* **DATASET CONTENT**
= Beginning of Section =
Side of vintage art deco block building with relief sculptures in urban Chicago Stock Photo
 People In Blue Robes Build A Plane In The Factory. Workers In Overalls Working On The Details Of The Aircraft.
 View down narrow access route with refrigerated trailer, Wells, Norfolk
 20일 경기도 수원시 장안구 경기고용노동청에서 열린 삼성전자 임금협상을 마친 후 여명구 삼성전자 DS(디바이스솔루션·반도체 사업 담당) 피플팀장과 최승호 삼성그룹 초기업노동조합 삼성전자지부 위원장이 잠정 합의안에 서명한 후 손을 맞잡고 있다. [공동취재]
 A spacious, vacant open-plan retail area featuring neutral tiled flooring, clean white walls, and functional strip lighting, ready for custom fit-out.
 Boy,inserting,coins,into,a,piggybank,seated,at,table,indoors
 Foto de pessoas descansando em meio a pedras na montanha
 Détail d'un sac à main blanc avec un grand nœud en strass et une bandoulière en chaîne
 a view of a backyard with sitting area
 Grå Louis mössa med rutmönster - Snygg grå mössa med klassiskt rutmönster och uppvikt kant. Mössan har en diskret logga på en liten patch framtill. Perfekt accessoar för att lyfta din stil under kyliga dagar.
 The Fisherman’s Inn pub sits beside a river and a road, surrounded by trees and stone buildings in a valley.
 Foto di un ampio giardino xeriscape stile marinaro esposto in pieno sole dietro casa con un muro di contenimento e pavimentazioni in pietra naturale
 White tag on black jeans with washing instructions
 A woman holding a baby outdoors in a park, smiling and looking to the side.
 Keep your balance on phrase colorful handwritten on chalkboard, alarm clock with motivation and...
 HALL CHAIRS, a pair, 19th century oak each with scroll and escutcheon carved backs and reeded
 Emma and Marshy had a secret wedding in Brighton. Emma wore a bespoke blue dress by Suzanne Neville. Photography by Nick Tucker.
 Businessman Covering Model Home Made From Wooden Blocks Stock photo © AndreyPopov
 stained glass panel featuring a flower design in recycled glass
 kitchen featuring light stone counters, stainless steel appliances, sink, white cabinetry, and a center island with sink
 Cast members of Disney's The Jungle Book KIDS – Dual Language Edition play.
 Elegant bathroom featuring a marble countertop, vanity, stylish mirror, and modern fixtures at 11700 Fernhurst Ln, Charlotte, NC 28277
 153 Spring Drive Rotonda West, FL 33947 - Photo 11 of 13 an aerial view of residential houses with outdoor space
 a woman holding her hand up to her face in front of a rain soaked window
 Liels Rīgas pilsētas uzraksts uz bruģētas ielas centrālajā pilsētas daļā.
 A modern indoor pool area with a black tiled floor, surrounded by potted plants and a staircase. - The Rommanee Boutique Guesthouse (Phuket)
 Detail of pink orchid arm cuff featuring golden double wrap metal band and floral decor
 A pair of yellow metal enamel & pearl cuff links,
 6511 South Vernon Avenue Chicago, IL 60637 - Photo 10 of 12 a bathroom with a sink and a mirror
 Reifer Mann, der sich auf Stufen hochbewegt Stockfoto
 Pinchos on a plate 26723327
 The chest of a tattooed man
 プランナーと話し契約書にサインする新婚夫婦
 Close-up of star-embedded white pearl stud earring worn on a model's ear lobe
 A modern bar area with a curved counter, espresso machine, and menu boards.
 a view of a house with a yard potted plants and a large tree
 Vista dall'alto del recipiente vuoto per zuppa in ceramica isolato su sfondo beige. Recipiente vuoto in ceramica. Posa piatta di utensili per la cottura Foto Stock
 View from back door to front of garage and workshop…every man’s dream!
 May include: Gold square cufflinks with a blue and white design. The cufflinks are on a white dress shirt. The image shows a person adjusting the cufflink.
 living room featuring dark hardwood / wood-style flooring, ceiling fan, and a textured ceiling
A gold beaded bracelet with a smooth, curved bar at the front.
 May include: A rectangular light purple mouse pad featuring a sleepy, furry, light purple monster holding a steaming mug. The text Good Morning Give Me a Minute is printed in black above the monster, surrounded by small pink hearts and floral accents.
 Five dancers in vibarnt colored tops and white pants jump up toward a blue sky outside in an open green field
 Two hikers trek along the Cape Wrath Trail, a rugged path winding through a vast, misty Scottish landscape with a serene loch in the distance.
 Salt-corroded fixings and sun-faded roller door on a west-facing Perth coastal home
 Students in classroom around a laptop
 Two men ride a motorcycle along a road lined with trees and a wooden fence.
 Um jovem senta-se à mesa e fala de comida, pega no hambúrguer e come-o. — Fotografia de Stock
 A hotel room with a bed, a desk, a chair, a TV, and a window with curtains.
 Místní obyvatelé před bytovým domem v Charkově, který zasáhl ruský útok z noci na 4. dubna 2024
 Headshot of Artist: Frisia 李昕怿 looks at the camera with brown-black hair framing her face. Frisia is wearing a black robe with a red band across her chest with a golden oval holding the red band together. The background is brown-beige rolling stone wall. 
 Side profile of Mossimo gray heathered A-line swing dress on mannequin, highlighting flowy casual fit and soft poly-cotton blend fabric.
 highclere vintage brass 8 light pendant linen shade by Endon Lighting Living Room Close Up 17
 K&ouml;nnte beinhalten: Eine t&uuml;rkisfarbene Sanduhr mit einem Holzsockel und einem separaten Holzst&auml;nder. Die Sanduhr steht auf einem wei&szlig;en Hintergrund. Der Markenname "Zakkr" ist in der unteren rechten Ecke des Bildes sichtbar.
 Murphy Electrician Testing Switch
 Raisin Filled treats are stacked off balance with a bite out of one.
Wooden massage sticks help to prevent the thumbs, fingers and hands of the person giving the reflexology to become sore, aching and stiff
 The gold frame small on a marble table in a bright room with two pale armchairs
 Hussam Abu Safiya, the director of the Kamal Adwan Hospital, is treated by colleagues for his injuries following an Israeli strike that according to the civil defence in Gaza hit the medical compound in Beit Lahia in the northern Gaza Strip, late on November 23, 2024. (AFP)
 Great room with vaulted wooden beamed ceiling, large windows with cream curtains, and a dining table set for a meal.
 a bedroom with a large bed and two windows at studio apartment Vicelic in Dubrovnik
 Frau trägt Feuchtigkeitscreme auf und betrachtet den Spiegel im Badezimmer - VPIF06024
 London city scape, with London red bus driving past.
= End of Section =
* **PROBLEM**
Would you show each line of the listing above that has the string "holding"?

* **OUTPUT OF THE TASK**
 A woman holding a baby outdoors in a park, smiling and looking to the side.
 a woman holding her hand up to her face in front of a rain soaked window
 May include: A rectangular light purple mouse pad featuring a sleepy, furry, light purple monster holding a steaming mug. The text Good Morning Give Me a Minute is printed in black above the monster, surrounded by small pink hearts and floral accents.
 Headshot of Artist: Frisia 李昕怿 looks at the camera with brown-black hair framing her face. Frisia is wearing a black robe with a red band across her chest with a golden oval holding the red band together. The background is brown-beige rolling stone wall. 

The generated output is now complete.